Mon, Oct 9, 2017
The CFPB’s final rule on payday and small dollar lending appears to have addressed many concerns raised by the leagues, credit unions and CUNA. The Association’s Advocacy Team and CUNA continue to analyze the nearly 1,700-page final rule.
The rule, as originally proposed last summer, swept in a number of credit union short-term, small-dollar loan products which had the potential to rob consumers of safe and affordable credit union alternatives to predatory loans.
Initial analysis of the rule indicates that there are many positive improvements, including:
- The NCUA PAL Program appears to be completely carved out
- Loans that are over 45 days with no balloon payments appear to be exempt for the most part (unless the APR which is no longer 'All-In' is above 36 percent)

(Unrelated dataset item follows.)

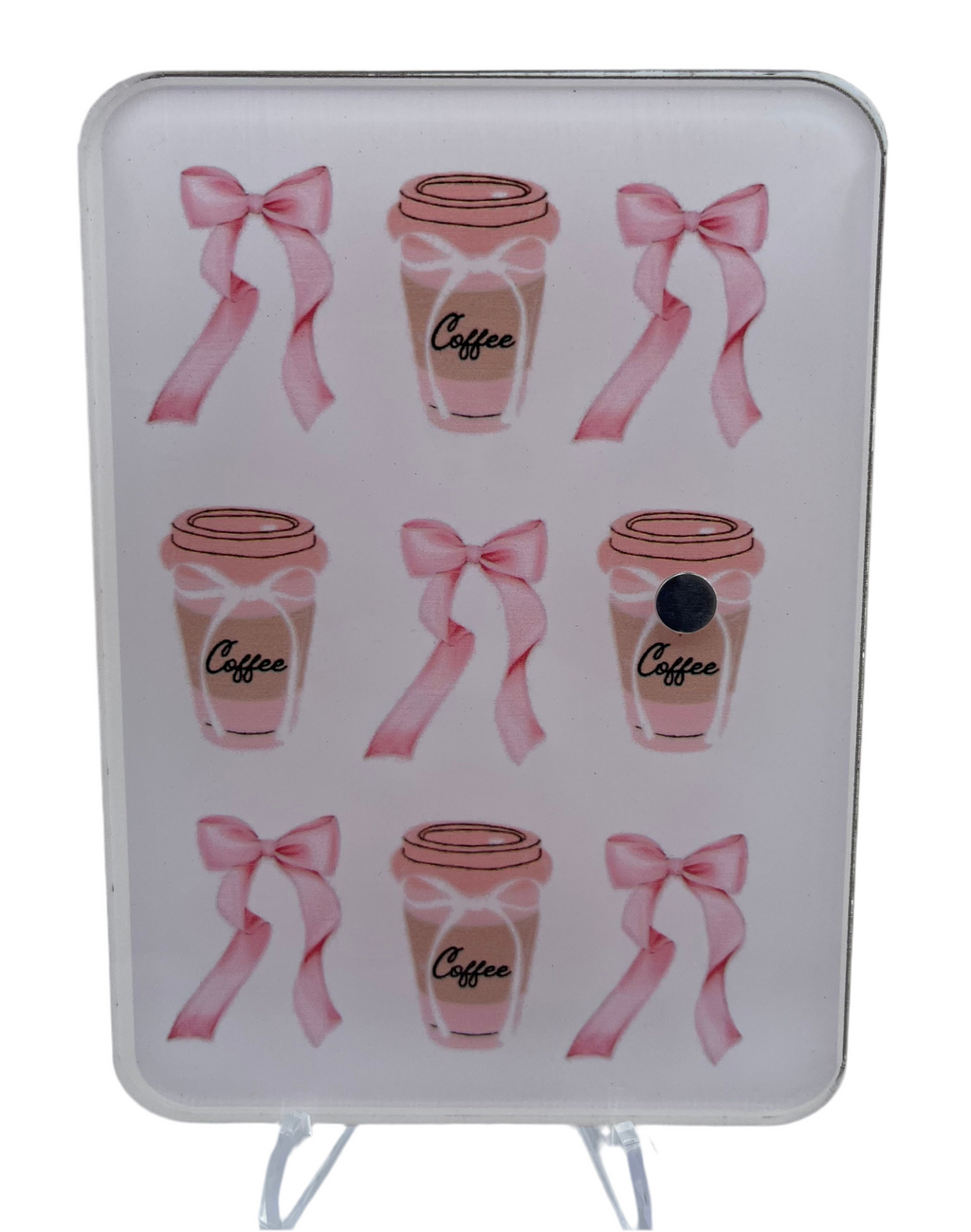 ♡ Magnetic tiles ♡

- There is an exemption for any provider doing fewer than 2500 otherwise-covered loans and which represent no more than 10% of revenue.
- The notice and debit requirements that apply to most covered loans do not apply to loans from credit unions that make loans to their own members if the payments do not trigger overdraft or NSF fees.

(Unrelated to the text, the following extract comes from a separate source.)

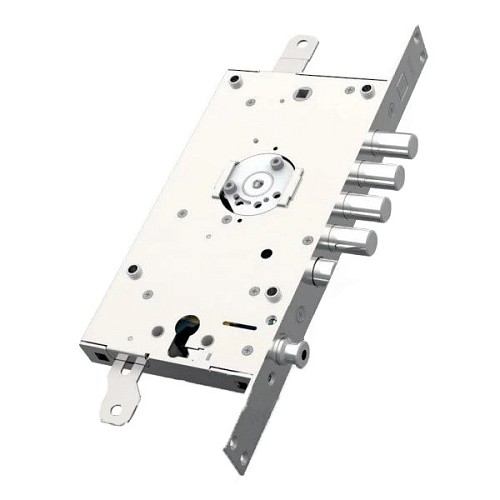 Механизм замка MOTTURA 3D.788D800054 (BS66*85мм) R правый - Фото №4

- Certain Salary advances are exempted
- CFPB is using Regulation Z to define cost of credit rather than its previously proposed definition of a new All-in APR
- It appears very unlikely that any auto refinance loans will be included as covered loans under the improved consideration of what is included
The Association will continue to analyze the rule to determine its full impact.
Last year, CUNA and the Leagues met with the CFPB over a dozen times and filed extensive comments outlining the problems with the original proposal.